Hanna Wróblewska nową ministrą kultury. Historyczka sztuki przejmuje resort po Sienkiewiczu
Hanna Wróblewska została nową ministrą kultury i dziedzictwa narodowego. Dołączyła do Tomasza Siemoniaka, Jakuba Jaworowskiego i Krzysztofa Paszyka, których premier Donald Tusk powołał na stanowiska ministrów.
„Na szczęście, jeśli chodzi o środowiska polskiej kultury, sztuki, muzealnictwa, nikogo nie będę musiał do nowej pani minister przekonywać. Całe jej życie i dorobek to najlepsze argumenty na rzecz tej nominacji” – uzasadnił swoją decyzję premier Donald Tusk.

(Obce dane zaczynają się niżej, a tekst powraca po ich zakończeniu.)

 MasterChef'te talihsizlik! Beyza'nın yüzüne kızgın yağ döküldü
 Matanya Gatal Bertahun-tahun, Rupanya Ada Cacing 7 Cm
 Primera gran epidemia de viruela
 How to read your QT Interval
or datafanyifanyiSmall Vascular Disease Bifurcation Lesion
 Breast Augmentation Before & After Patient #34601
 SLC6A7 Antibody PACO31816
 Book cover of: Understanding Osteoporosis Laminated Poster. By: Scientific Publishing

Kim jest Hanna Wróblewska?
Hanna Wróblewska to historyczka sztuki i była dyrektorka Zachęty Narodowej Galerii Sztuki. Urodziła się w 1968 roku, ukończyła historię sztuki na Uniwersytecie Warszawskim. Przez 11 lat była twarzą Zachęty, w 2023 roku została wicedyrektorką Departamentu Narodowych Instytucji Kultury w Ministerstwie Kultury i Dziedzictwa Narodowego. Należy do Rady Programowej Centrum Nauki Kopernik i Muzeum Sztuki w Łodzi.

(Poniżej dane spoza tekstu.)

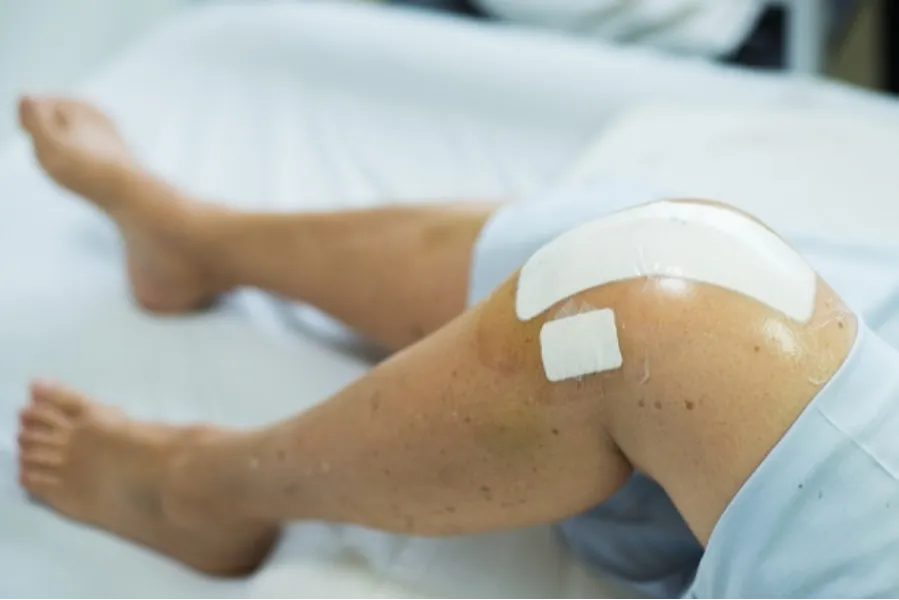 Knee Joint Preservation in Nagpur – Keeping Natural Joints Healthy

Hanna Wróblewska – kariera
Hanna Wróblewska w 2010 roku objęła posadę dyrektorki Zachęty Narodowej Galerii Sztuki. Była twarzą Zachęty aż do 2021 roku, pełniła rolę komisarza Pawilonu Polskiego na Biennale w Wenecji. W 2018 i 2019 zasiadała w Kapitule Nagrody Sztuki im. Marii Anto i Elsy von Freytag-Loringhoven.
W 2022 roku została wicedyrektorką ds. naukowych i wystawienniczych Muzeum Getta Warszawskiego. Rok później objęła stanowisko dyrektorki Departamentu Narodowych Instytucji Kultury Ministerstwa Kultury i Dziedzictwa Narodowego.
10 maja premier Donald Tusk powołał ją na stanowisko ministry kultury i dziedzictwa narodowego. Hanna Wróblewska zastąpiła Bartłomieja Sienkiewicza, który startuje w wyborach do Parlamentu Europejskiego z pierwszego miejsca w okręgu nr 10, obejmującego województwo świętokrzyskie i małopolskie.
Bartłomiej Sienkiewicz odpowiadał za zmiany w TVP, Polskim Radiu i Polskiej Agencji Prasowej. 20 grudnia minister kultury odwołał prezesów Telewizji Polskiej, Polskiego Radia i Polskiej Agencji Prasowej, powołał również nowe rady nadzorcze, które wyłoniły zarządy spółek. Decyzje te wzbudziły wiele kontrowersji w kraju i spotkały się z ostrym sprzeciwem środowisk prawicowych.